According to word on the street, the work of two key teams that Twitter Inc. relied on to comply with regulators abruptly stopped amid a rash of layoffs, resignations and firings. That puts the social media giant at risk of investigations and hefty fines.

The latest departures heighten concerns that a staff exodus following Elon Musk’s takeover will undermine the company’s ability to comply with rules intended to protect users’ data.

A data governance committee that had overseen Twitter’s compliance with a Federal Trade Commission consent decree ceased to exist after two of its members were fired and three others resigned.

Under the consent decree, Twitter agreed to better protect users’ personal data.

The committee was formed in November 2021 and was responsible for overseeing decisions on how user data was collected, accessed and disclosed.

The committee also managed internal compliance with Twitter’s privacy policy.

Overall, more than 100 people working on security and privacy teams have left the company since Musk took charge at Twitter in October.
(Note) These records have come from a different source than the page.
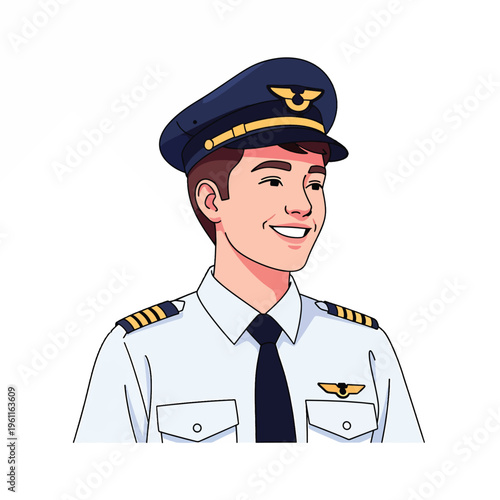 Smiling pilot in uniform hat.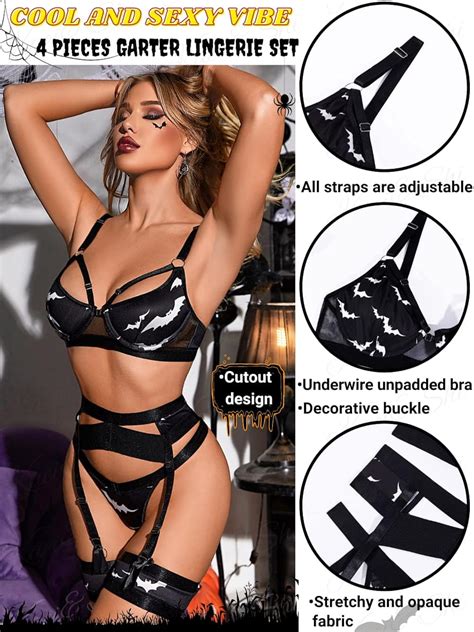 Buy Garter Lingerie For Women Sexy Lace Lingerie Sheer Matching Piece Lingerie Set Online At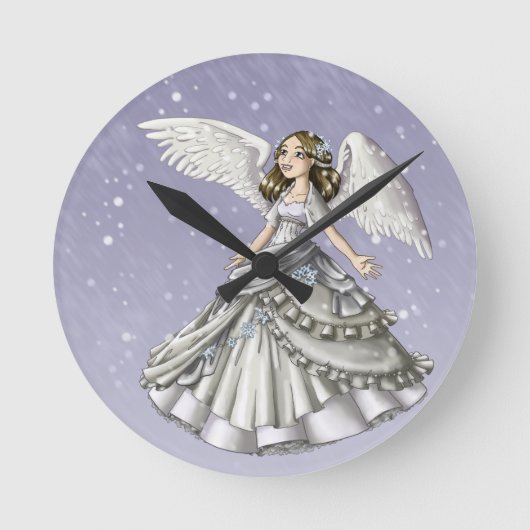 Schnee-Engel Runde Wanduhr (Vorderseite)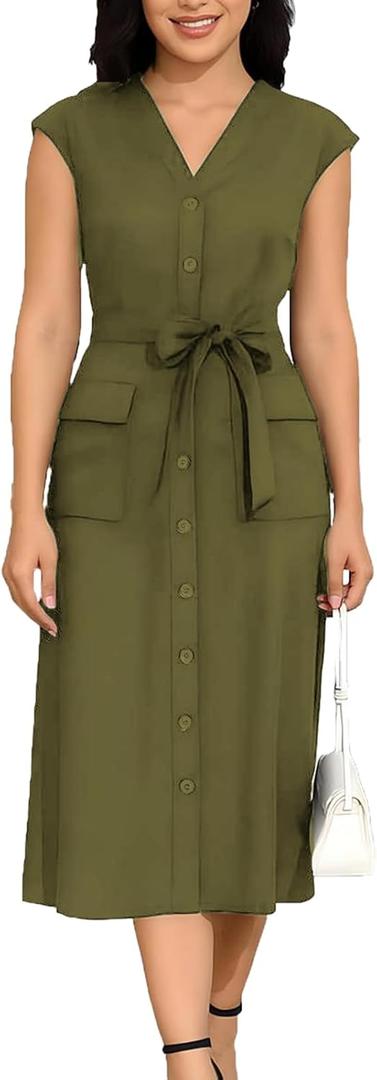 DeftSharp Women's V Neck Workday Dresses Button Down Swing Midi Shirt Dress with Pockets (Green)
That has halved the number of personnel who were responsible for protecting Twitter’s infrastructure from cyberattacks and data breaches.

Twitter’s main EU privacy watchdog pointed out that it was ‘very concerned’ about the ability of Twitter to abide by EU laws. The Irish watchdog said that it had been in almost daily contact with Twitter’s Dublin office after the departure of staff in recent weeks sparked safeguarding fears.
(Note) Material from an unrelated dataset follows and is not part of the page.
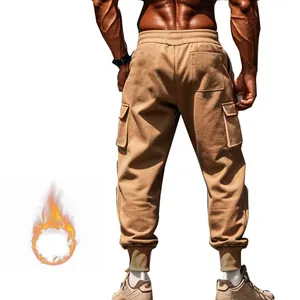 Detailed rear view of men's khaki fleece-lined multi-pocket cargo jogging pants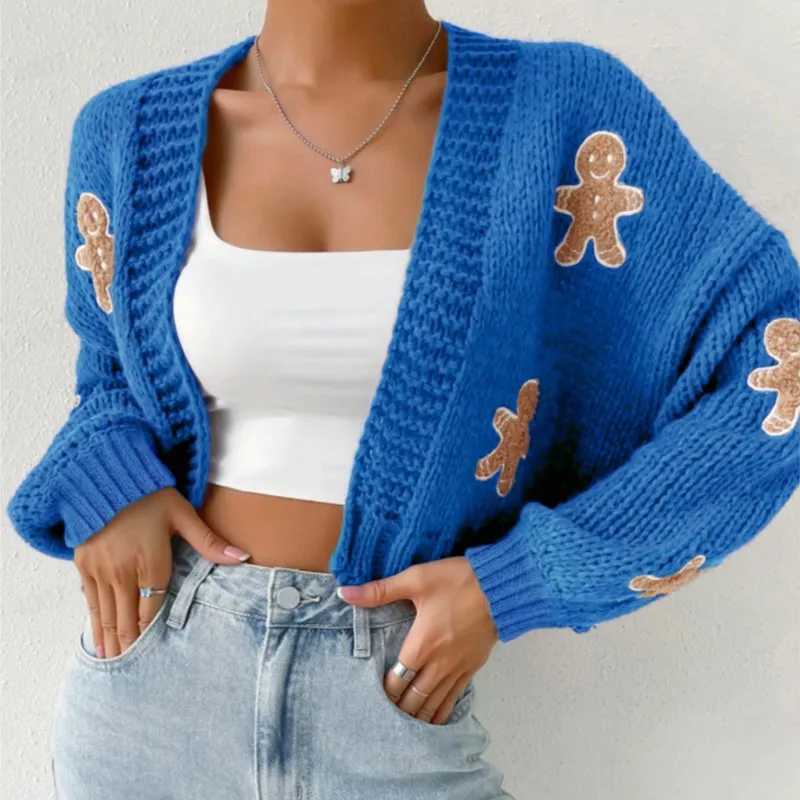 Knitted Cardigans Winter Clothes Woman Pulls Femmes Comfortable Allmatch Loose Simple Style Gingerbread Man Casual CommutingT251028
Last month, Twitter’s chief information security officer, chief privacy officer and chief compliance officer resigned. Twitter subsequently appointed Renato Monteiro as its interim data protection officer. Monteiro, who is based in Dublin, formerly served as the company’s data protection counsel for Latin America. However, Monteiro has had little involvement with product engineering and development teams in the US since his appointment.

Individual staff at the company were responsible for maintenance of the standards, which, among other things, ensure that the company is correctly encrypting user data to keep it secure. Compliance with the standards is independently assessed on a biannual basis to ensure the company is meeting the requirements of the FTC’s consent decree.
The FTC has said that it was following developments at Twitter with “deep concern.”
Data watchdogs in Europe saw their powers increased overnight in May 2018, when the GDPR took effect and gave them the power to levy fines of as much as 4% of a company’s annual sales.

The dearth of staff has also meant that the company doesn’t have enough personnel to oversee the maintenance of about 400 different information security standards, known as ISOs.